◆ Stored data ◆
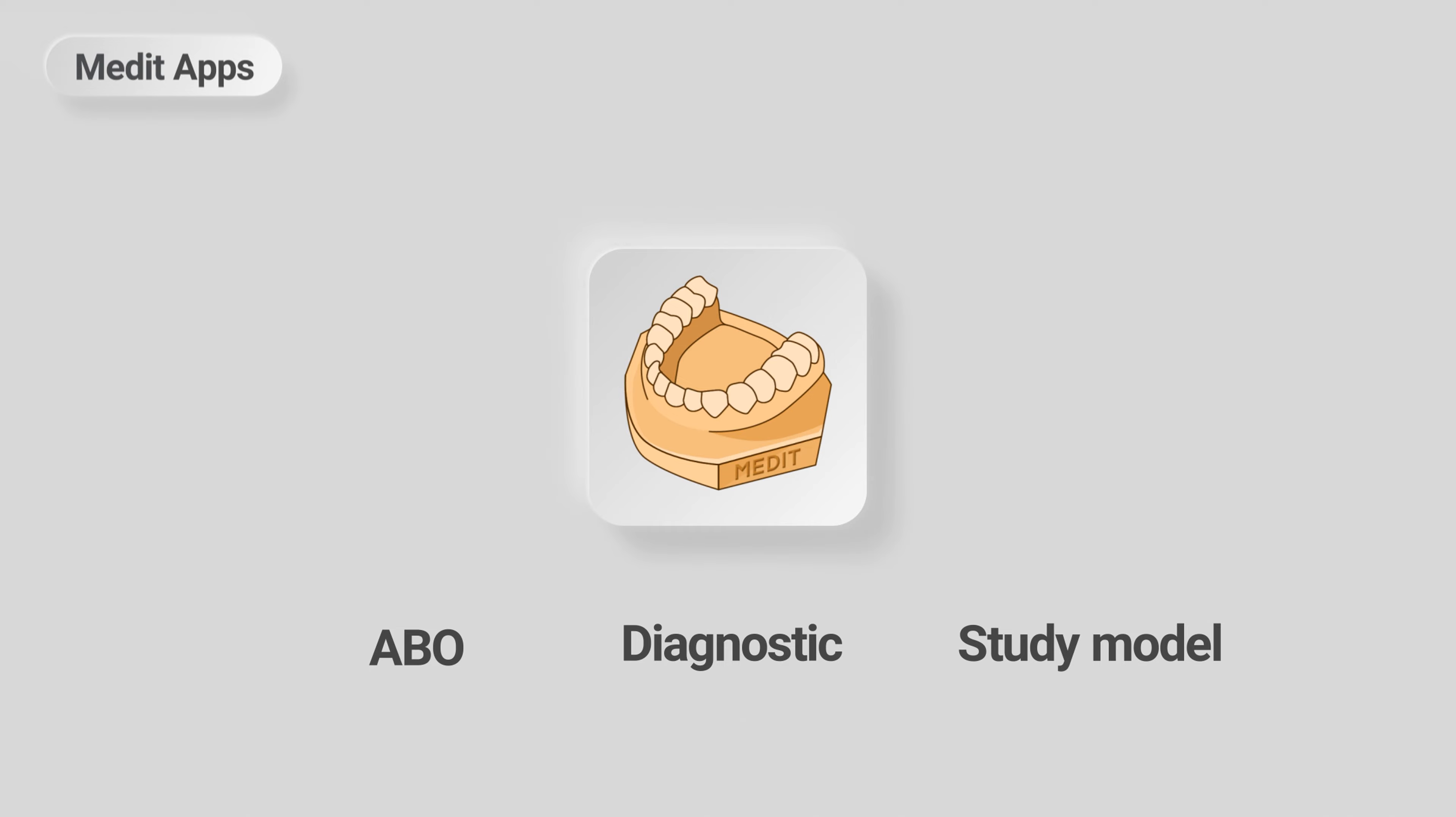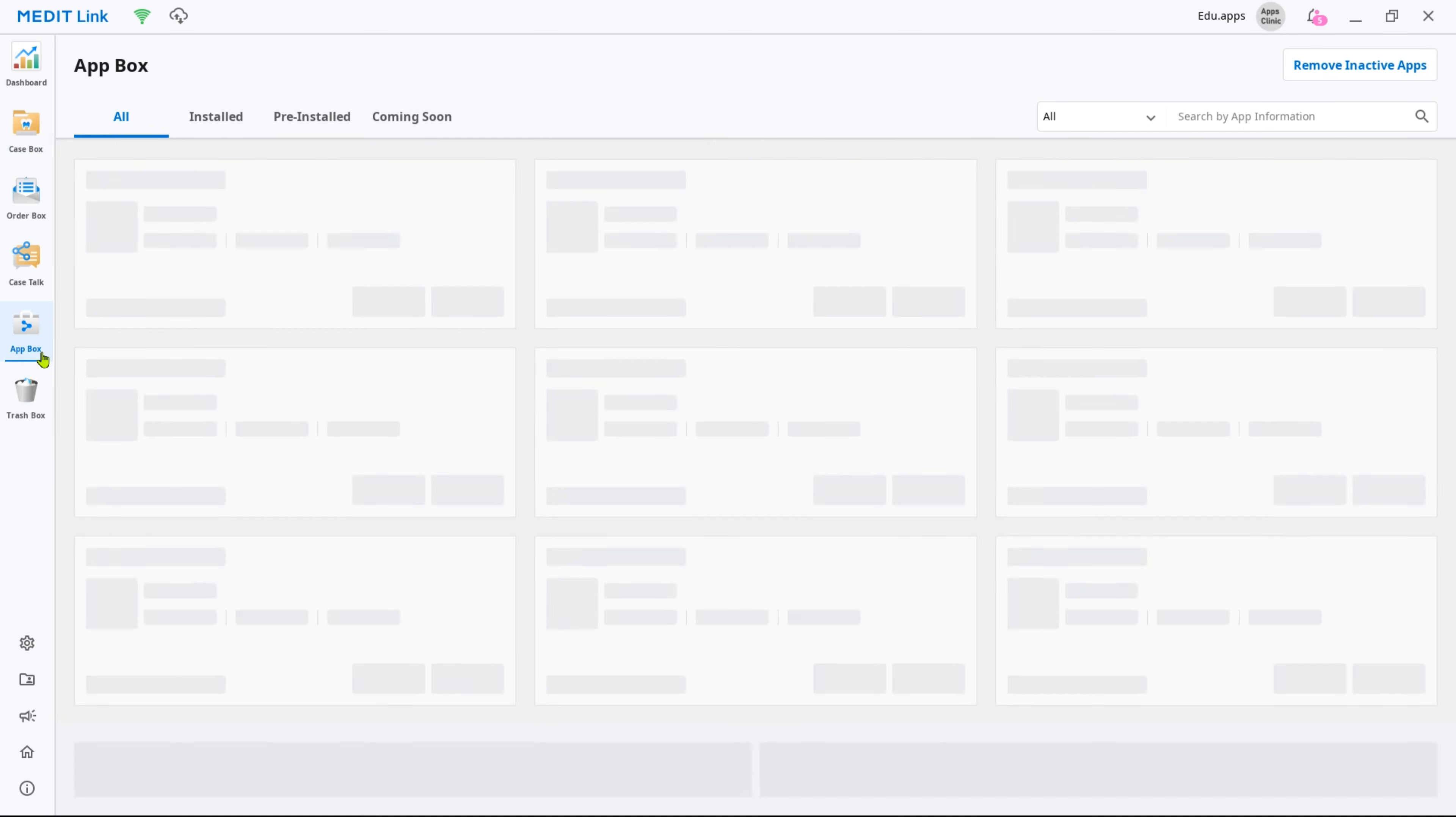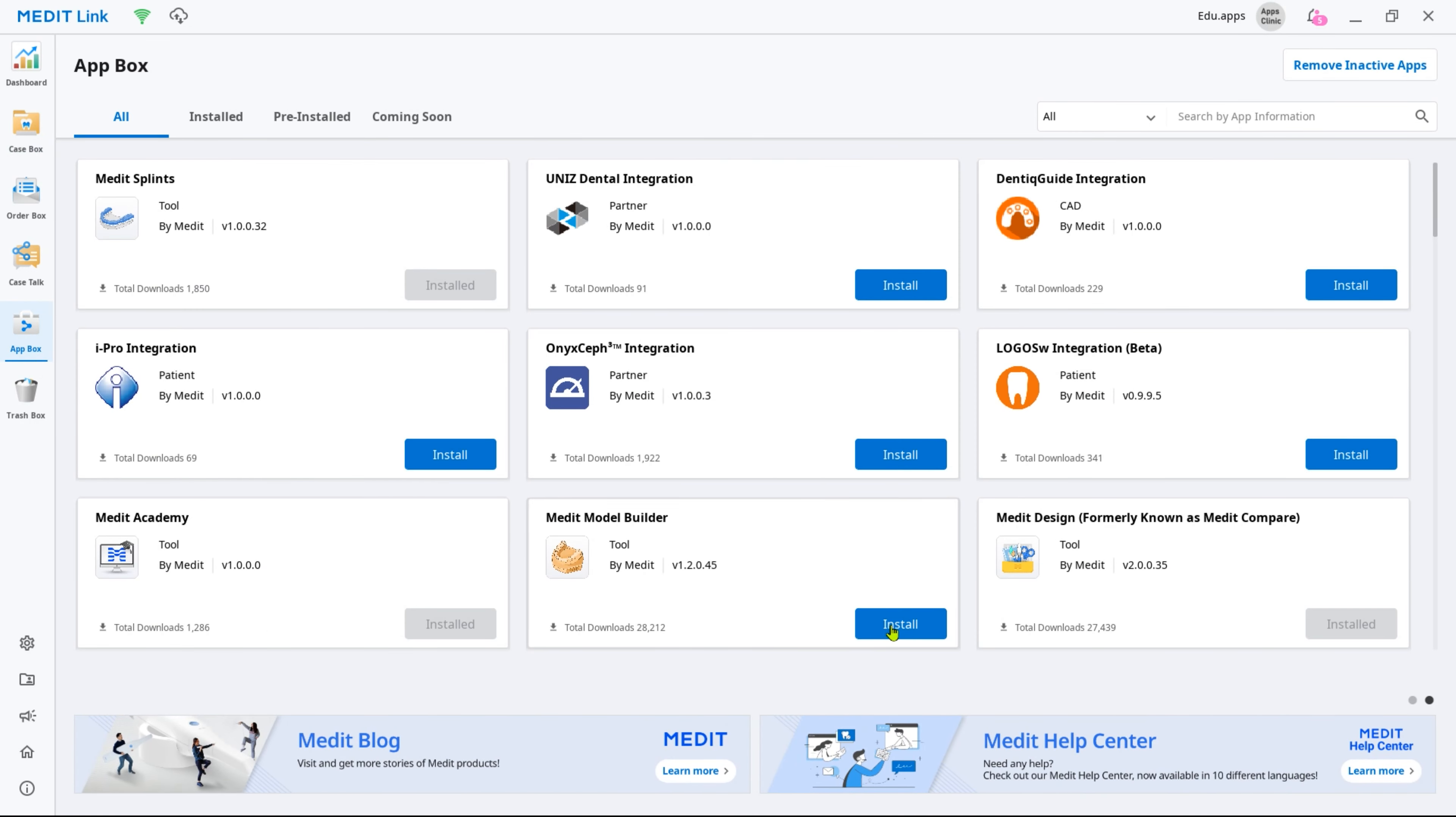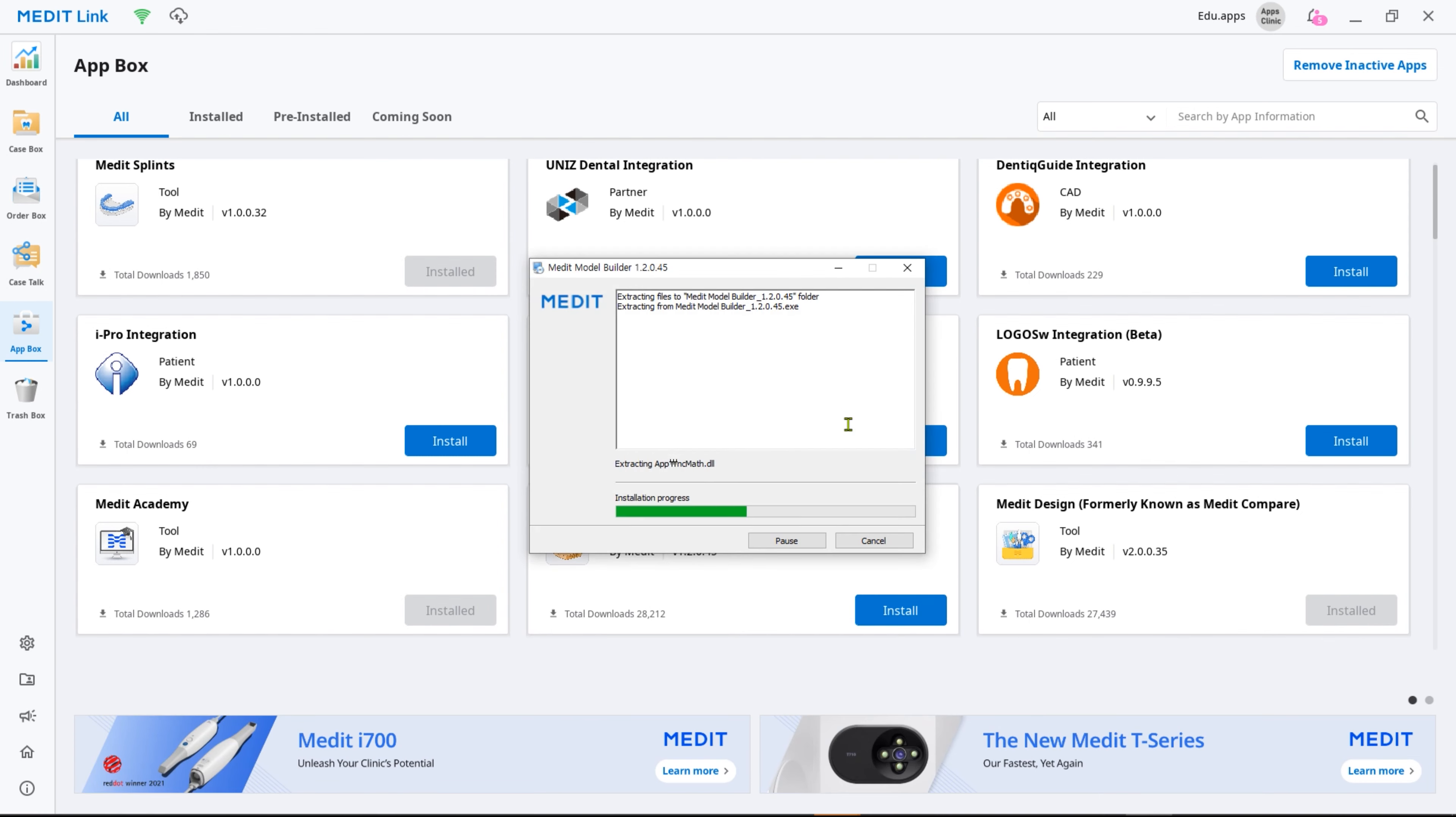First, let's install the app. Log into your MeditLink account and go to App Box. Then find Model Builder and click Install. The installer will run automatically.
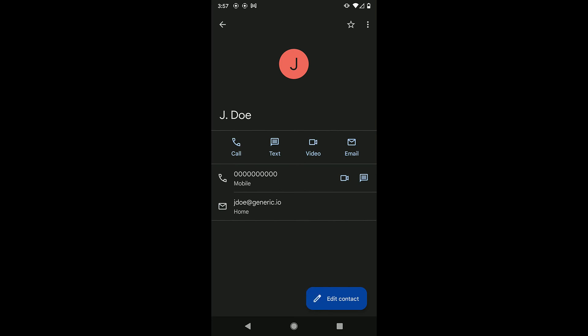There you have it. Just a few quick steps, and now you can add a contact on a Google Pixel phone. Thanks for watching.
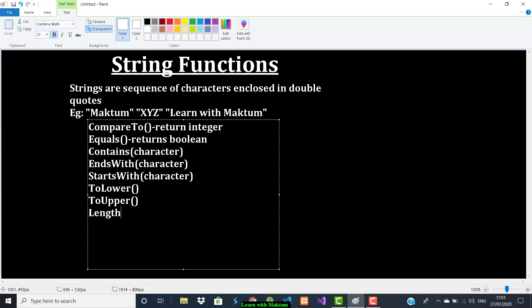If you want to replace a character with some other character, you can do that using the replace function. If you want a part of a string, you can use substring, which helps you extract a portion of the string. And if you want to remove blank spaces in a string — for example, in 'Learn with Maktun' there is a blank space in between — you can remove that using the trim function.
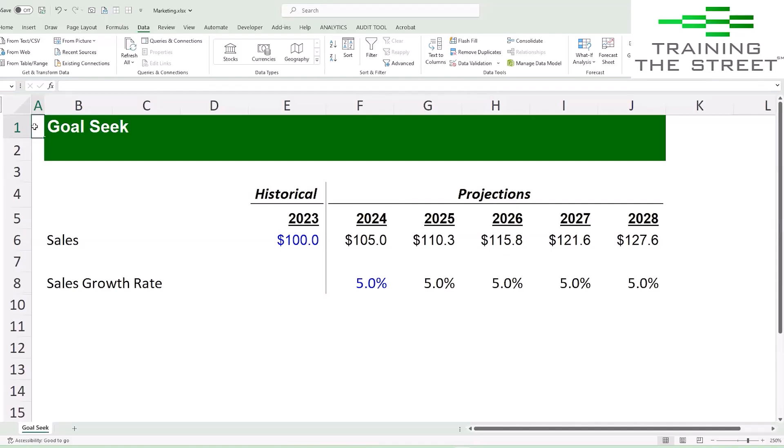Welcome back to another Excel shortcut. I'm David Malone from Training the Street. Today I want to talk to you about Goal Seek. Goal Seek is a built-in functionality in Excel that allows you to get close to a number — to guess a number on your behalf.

◆ Task statement ◆
The result should be a word-for-word restatement of all the data, without images.

◆ Expected answer ◆
First, let's install the app. Log into your MeditLink account and go to App Box. Then find Model Builder and click Install. The installer will run automatically.
There you have it. Just a few quick steps, and now you can add a contact on a Google Pixel phone. Thanks for watching.
If you want to replace a character with some other character, you can do that using the replace function. If you want a part of a string, you can use substring, which helps you extract a portion of the string. And if you want to remove blank spaces in a string — for example, in 'Learn with Maktun' there is a blank space in between — you can remove that using the trim function.
Welcome back to another Excel shortcut. I'm David Malone from Training the Street. Today I want to talk to you about Goal Seek. Goal Seek is a built-in functionality in Excel that allows you to get close to a number — to guess a number on your behalf.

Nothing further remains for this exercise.